ModSecurity 3 + Apache limitations

Since version 92, cPanel is adding experimental support of ModSecurity 3.x and starting from version 5.7, we implement experimental support of ModSecurity version 3 on cPanel. There are still some issues that prevent some Imunify360 features from working property. The feature limitations are:

  • working with mod_ruid2
  • working with mod_remoteip
  • app-specific ruleset feature
  • HackerTrap
  • uploaded files scanning
  • simple password redirect

Plesk

It is not recommended to use firewalld and Plesk Firewall simultaneously, because Plesk does not fully support such configuration. We recommend to disable firewalld by running the command on the server:

systemctl disable firewalld

Read more about the problem at Plesk Help Center in this thread.

ModSecurity Configuration

  • Web application firewall mode – On

If any mod_security ruleset was installed during Imunify360 installation, Imunify360 will not install its own ruleset, because Plesk supports only one ruleset at once.

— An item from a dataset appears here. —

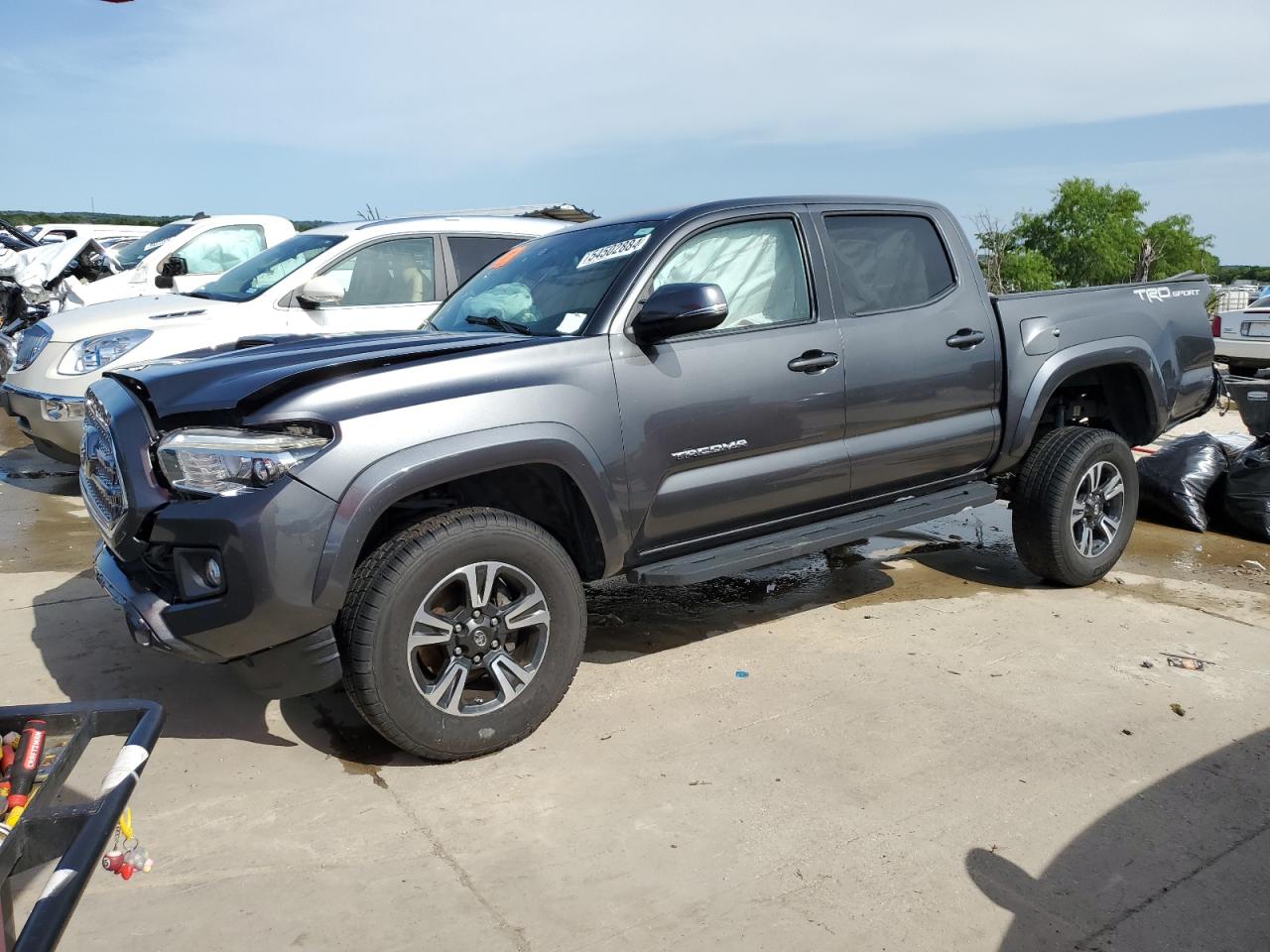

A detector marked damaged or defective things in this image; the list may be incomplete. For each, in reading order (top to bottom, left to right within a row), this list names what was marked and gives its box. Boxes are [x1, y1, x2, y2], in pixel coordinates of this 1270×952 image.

headlight damage [60, 327, 152, 373]
headlight damage [157, 426, 332, 495]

To check, if Imunify360 ruleset is installed, run the following as root:

# plesk sbin modsecurity_ctl -L --enabled
custom

If the output does not contain imunify360, for example:

# plesk sbin modsecurity_ctl -L --enabled
tortix

Then remove existing ruleset and install Imunify360 one:

# plesk sbin modsecurity_ctl --disable-all-rules --ruleset tortix
# plesk sbin modsecurity_ctl --uninstall --ruleset tortix
# plesk sbin modsecurity_ctl -L --enabled
# imunify360-agent install-vendors
INFO    [+ 3785ms]                         defence360agent.simple_rpc|Executing ('install-vendors',), params: {}
INFO    [+ 8781ms]   defence360agent.subsys.panels.plesk.mod_security|Successfully installed vendor 'imunify360-full-apache'.
INFO    [+ 8782ms]                  defence360agent.subsys.web_server|Performing web_server graceful restart
OK
# plesk sbin modsecurity_ctl -L --enabled
custom

Note

Please make sure that Update rule sets option is disabled in your Plesk Web Application Firewall interface on the Settings tab.

Note

Note that in the current version of Plesk, Update rule sets option is available if one of the Atomic Basic ModSecurity/Advanced ModSecurity Rules by Atomicorp/Comodo ModSecurity Rule Set is enabled.

DirectAdmin

During installation on DirectAdmin, Imunify360 will try to install mod_security automatically using custombuild 2.0.

Note

Automatic installation of Imunify360 ruleset is only supported with custombuild 2.0.